Un Paese che premia i raccomandati

di Gaetano Pedullà

Se, come si dice, la lingua batte dove il dente duole, giustizia e intercettazioni non smettono di far male alla tenuta del governo. Il Pdl non perde un colpo per barattare una legittima esigenza di garantismo con quella che, giocata così male, finisce per apparire come una ritorsione contro la magistratura. Il Pd non può sparare a pallettoni sull’alleato di Palazzo Chigi, ma nemmeno sostenere un giro di vite che fa imbufalire le procure. Risultato: i nodi restano tutti lì. Abbiamo un governo che, ben che vada, tirerà a campare. Abituiamoci.

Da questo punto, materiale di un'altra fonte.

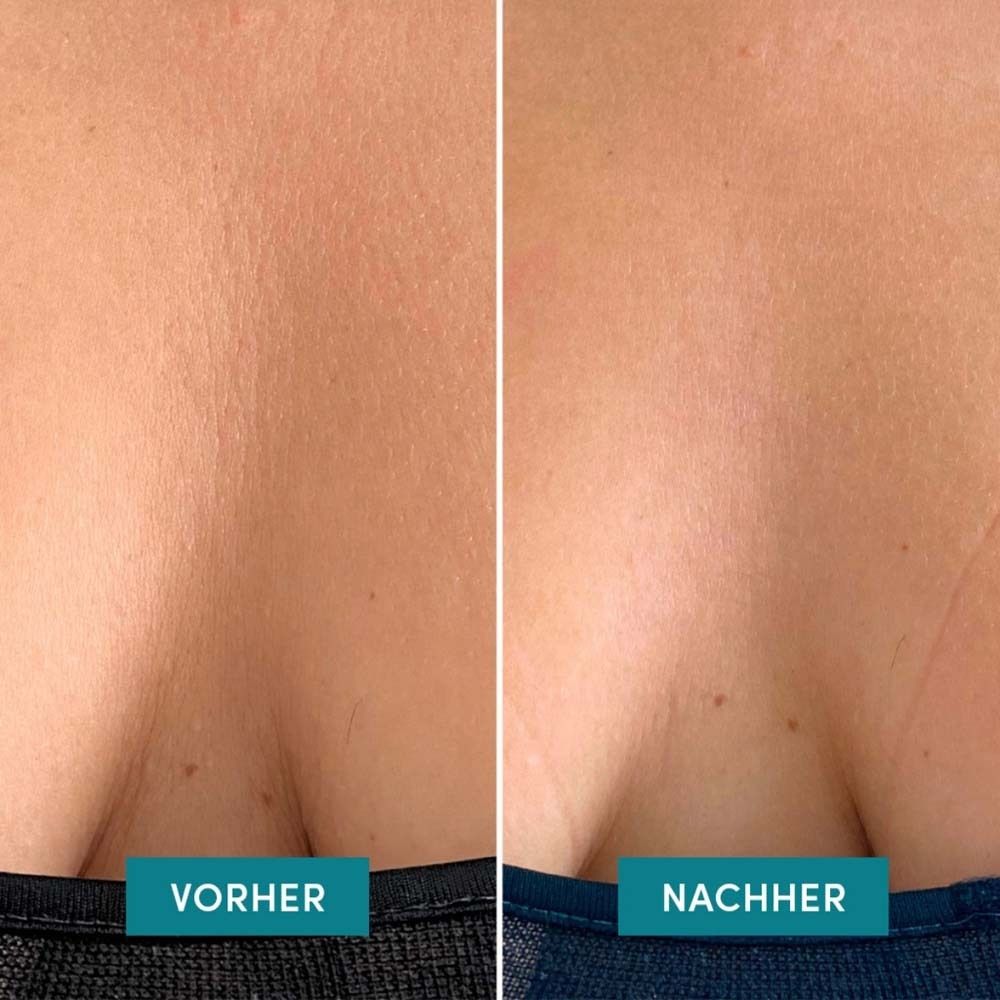 Vorher-Nachher-Vergleich von Haut am Dekolleté. Text: Vorher und Nachher. Blaue Balken.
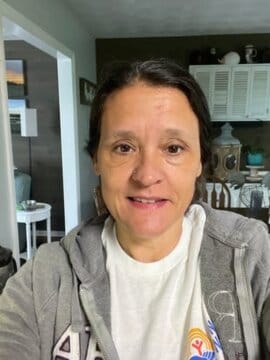 Customer photo review of Collagen Multi Balm Stick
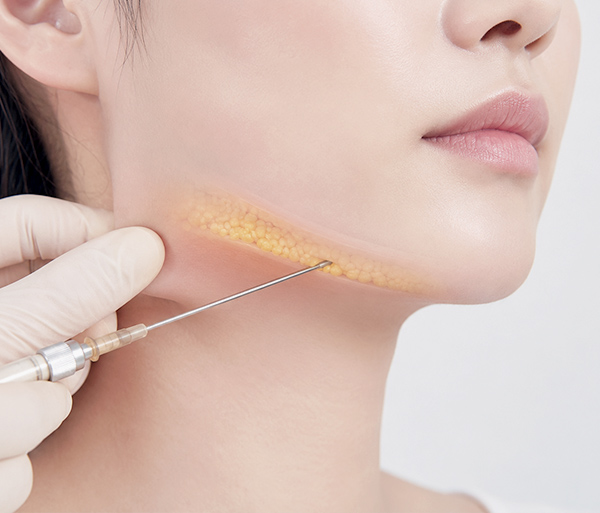 fat-grafting-micro-fat-grafting-spe2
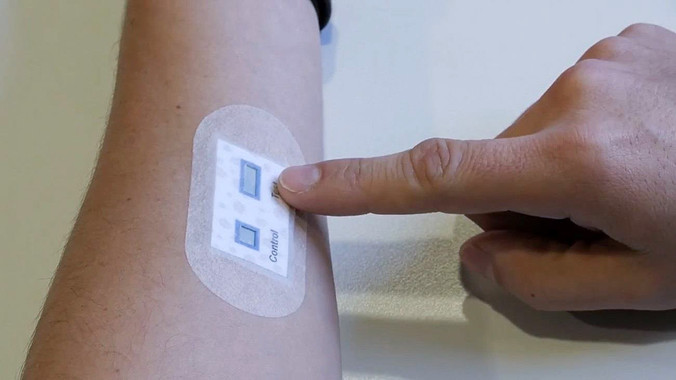 Un nou pegat per a la pell facilita el diagnòstic de la fibrosi quística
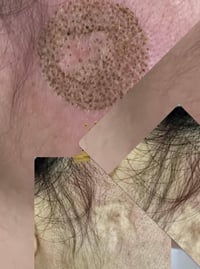 عروض بغداد الزعفرانية ليزر ازالت الشعر التاتو ازالت تاتو عروض مستمرة ا...
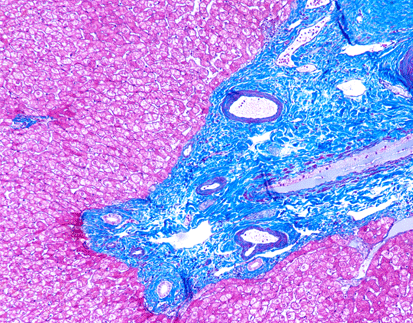 Masson Trichrome Staining Kit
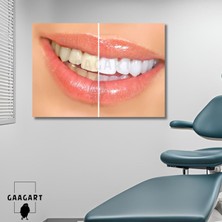 Gaagart Tekli Yatay Kanvas Diş Sağlığı Poliklinik Tablo Dekoratif Diş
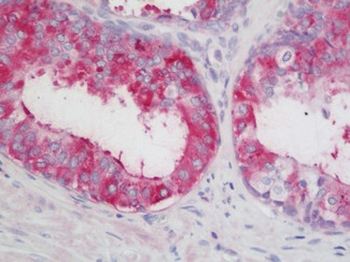 LOXL2 Antibody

Una cosa alla quale non vorremo abituarci mai è invece che il nostro sia un Paese che mortifica il merito, dove si fa strada a calci nel sedere e il successo sia garantito solo a una cerchia di privilegiati.

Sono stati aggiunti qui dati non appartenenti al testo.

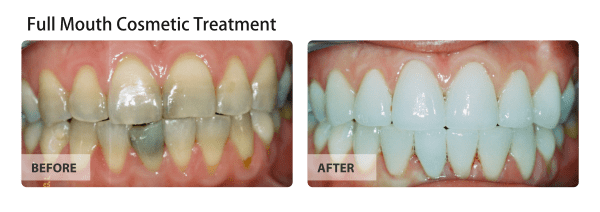 Full Mouth Cosmetic Treatment - For the Best Smile Anyone would be Proud of.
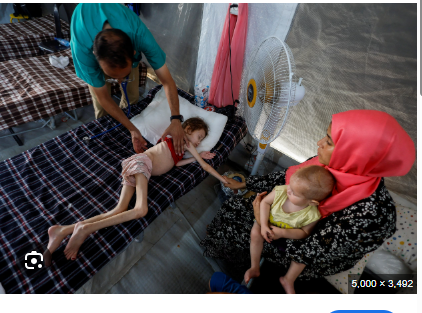 Number Of Malnutrition-Related Deaths In Gaza Rises To 227: UN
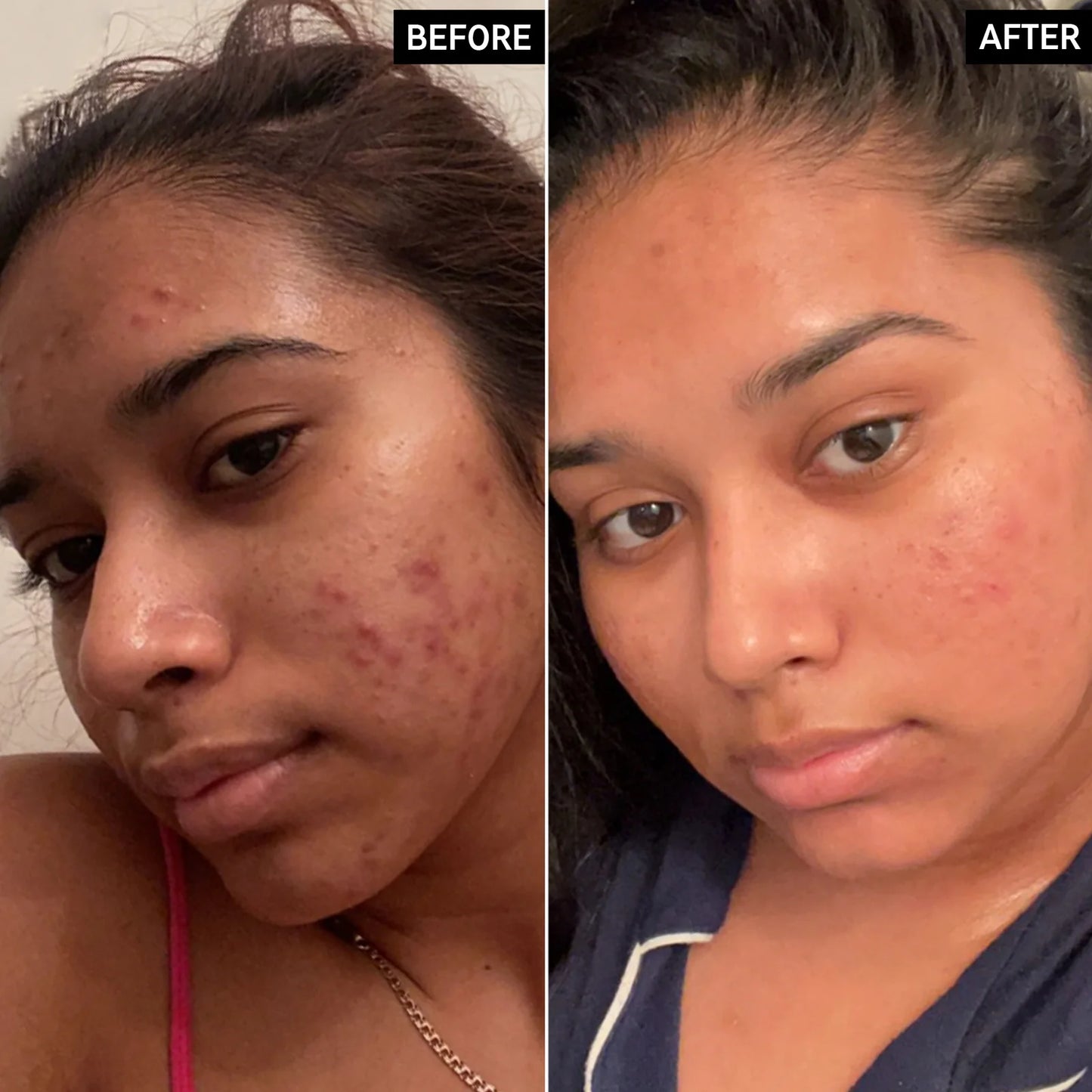 THE INKEY LIST 15% VITAMIN C AND EGF SERUM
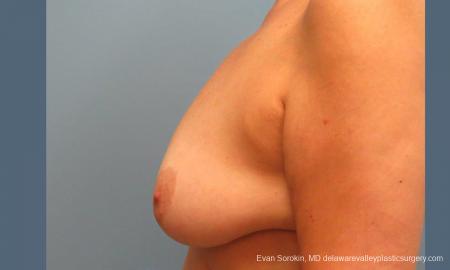 Philadelphia Breast Lift and Augmentation 9431 - Before and After Image 5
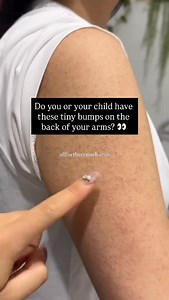 1.9M views · 1.8K reactions | PARASITES & SKIN CONDITIONS: VERY...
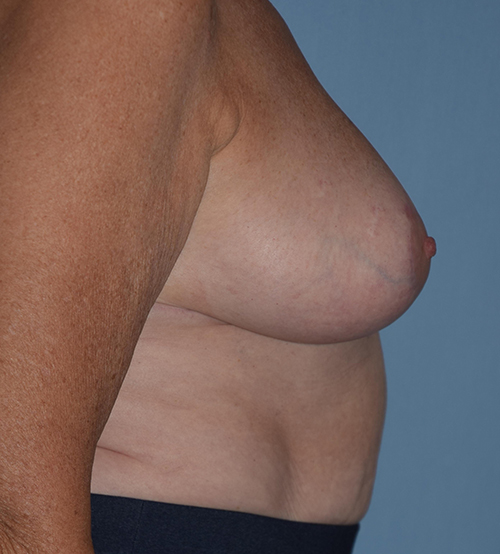 Breast Lift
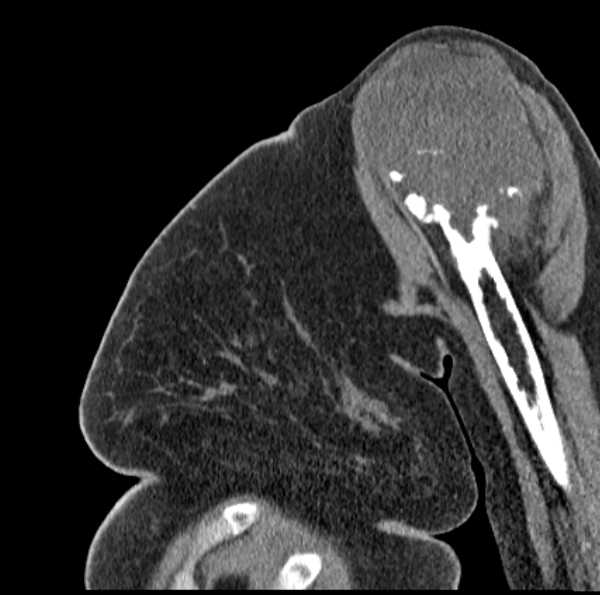 File:Clear cell chondrosarcoma - humerus (Radiopaedia 63104-71612 D 19).jpg
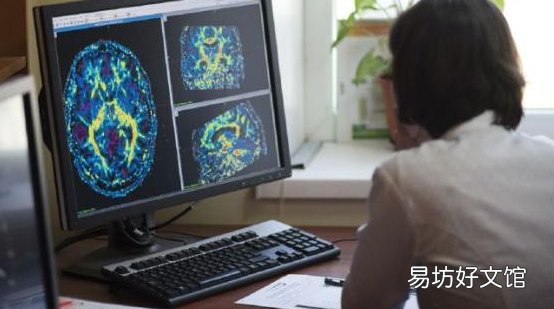 ?放射学中AI的10个关键用途不涉及解释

Per questo nella nostra inchiesta di oggi raccontiamo la strana sparizione dei concorsi pubblici. Un po’ motivata dal blocco delle assunzioni, un po’ dal gran numero di vincitori che ancora aspettano la chiamata in servizio, ma ancor di più spiegabile con un vizietto tutto italiano: se il concorso non c’è o non si fa, i posti si coprono con chiamate dirette e a discrezione di politici e burocrati. Molti i casi: quasi tutti i ministeri, polizia (non si fa un concorso dal 1996, si entra solo dalla leva), giustizia (nessun concorso per cancellieri dal 2001, nessun concorso per assistenti sociali dei tribunali dal 2000), ispettori del lavoro, persino la Rai (che ha bandito e annullato un concorso per giornalisti). L’esempio della televisione pubblica è emblematico. Se i giornalisti non ci sono, si inventano. E vai con l’assunzione di figure atipiche, come i programmisti registi che di fatto fanno poi i giornalisti a metà prezzo, fin quando non fanno causa, vincono, e si ritrovano tutti gli arretrati non percepiti, gli interessi e un posto fisso a vita, magari sottratto a qualcuno più capace e meritevole. Merito, appunto. Una parola che in Italia fa male pronunciare.